По узкой дорожке — метрах в пяти над землей, Киму показалось, прямо по верхушкам деревьев — пролетела велосипедистка. Серебристые диски колес пустили солнечный зайчик Киму в глаза; женщина в свободном светлом костюме была странно, обжигающе похожа на Арину.
Он прекрасно понимал, что ошибся. Та, промелькнувшая, была на двадцать лет моложе. Более того — если остановить движение, выключить ветер и погасить солнечные зайчики, оседлавшая велосипед женщина вообще не обнаружит никакого сходства с Кимовой бывшей женой.
Или не-бывшей.
Он отвернулся — тем более что силуэт велосипедистки давно скрылся за кронами — и стал смотреть на воду. Лягушки прыгали в пруд при его приближении: взлетали, распластывались в воздухе, ныряли сквозь ряску, оставляя по себе черные оконца в зеленом плавучем ковре. «Символ полета, — думал Ким. — Какой красивый и стремительный — полет лягушки…»
На скамейке у самой воды плакал мальчик лет четырех, причем плакал так безнадежно, как — Ким думал — на Земле давно не плачут люди.
— Что с тобой? Погоди, что случилось?
Мальчик на секунду поднял красное мокрое лицо с полосками соплей, размазанных поперек обеих щек. Потупился снова.
— Меня зовут Ким Андреевич… Что с тобой случилось?
Мальчик смотрел на свои ноги. Они были выше колен мокрые, перемазанные илом, с налипшими чешуйками ряски. Некоторое время мальчик разглядывал сандалии-«вездеходы», которым от влаги никакого вреда не предвиделось, и потемневшие от воды полосатые носки; потом перевел трагический взгляд на Кима и разрыдался сильнее прежнего.
— Подумаешь, — сказал Ким. — Через полчаса все высохнет. Ты что, лягушек ловил?

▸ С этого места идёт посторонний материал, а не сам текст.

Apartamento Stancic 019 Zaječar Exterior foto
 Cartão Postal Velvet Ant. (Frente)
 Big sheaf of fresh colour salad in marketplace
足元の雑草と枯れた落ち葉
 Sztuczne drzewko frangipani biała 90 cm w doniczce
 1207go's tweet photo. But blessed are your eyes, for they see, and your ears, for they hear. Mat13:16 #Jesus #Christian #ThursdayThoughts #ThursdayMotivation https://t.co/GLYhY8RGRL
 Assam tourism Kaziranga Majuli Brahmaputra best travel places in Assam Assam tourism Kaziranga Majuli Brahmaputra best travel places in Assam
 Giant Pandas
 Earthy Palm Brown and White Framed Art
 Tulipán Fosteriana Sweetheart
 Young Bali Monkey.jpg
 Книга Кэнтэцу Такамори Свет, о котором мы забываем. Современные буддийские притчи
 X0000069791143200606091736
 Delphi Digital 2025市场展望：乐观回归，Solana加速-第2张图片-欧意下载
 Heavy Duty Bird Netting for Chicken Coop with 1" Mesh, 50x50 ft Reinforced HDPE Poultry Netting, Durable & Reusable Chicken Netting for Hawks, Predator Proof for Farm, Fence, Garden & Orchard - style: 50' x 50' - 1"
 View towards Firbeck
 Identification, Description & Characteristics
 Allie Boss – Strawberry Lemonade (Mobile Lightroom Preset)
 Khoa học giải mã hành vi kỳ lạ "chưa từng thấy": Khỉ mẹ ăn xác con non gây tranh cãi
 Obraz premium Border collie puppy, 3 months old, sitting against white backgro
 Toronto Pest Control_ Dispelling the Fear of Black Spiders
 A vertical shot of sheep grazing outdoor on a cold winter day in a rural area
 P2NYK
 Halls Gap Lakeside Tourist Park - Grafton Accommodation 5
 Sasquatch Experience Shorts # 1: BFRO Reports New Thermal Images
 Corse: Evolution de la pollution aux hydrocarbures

Мальчик длинно всхлипнул и провел указательным пальцем по верхней губе. Соплей и слез от этого движения не сделалось меньше.
— Что же ты плачешь?
Мальчик не отвечал. Ким подумал, что в прежние времена он наверняка спросил бы Пандема, что случилось с мальчиком… И Пандем ответил бы… Или, что вероятнее, успокоил бы малыша раньше, чем он встретился Киму. Да, в прежние времена такое было невозможно — плачущий одинокий мальчик…
— Что с тобой? — повторил Ким и ощутил раздражение. Как понять этого малолетнего беднягу, если он только сопит и ревет? Как без Пандема понять того, кто на данный момент не способен к членораздельной речи?
Не зная, что предпринять, Ким уселся рядом на скамейку. Мальчик всхлипывал и смотрел в сторону.
— Ну, успокойся, — попросил Ким. — Расскажи мне, в чем дело?
Мальчик решительно помотал головой.
— Тогда скорее пойди в беседку…
Мальчик, по-прежнему рыдая, сполз со скамейки. Размазывая по лицу слезы, поплелся по склону вверх — там в самом деле была беседка, маленькая, почти игрушечная, в виде стартующей ракеты. Ким видел, как мальчик остановился у входа, поколебался, но не вошел, прислонился к стилизованной дюзе и разревелся с новой силой.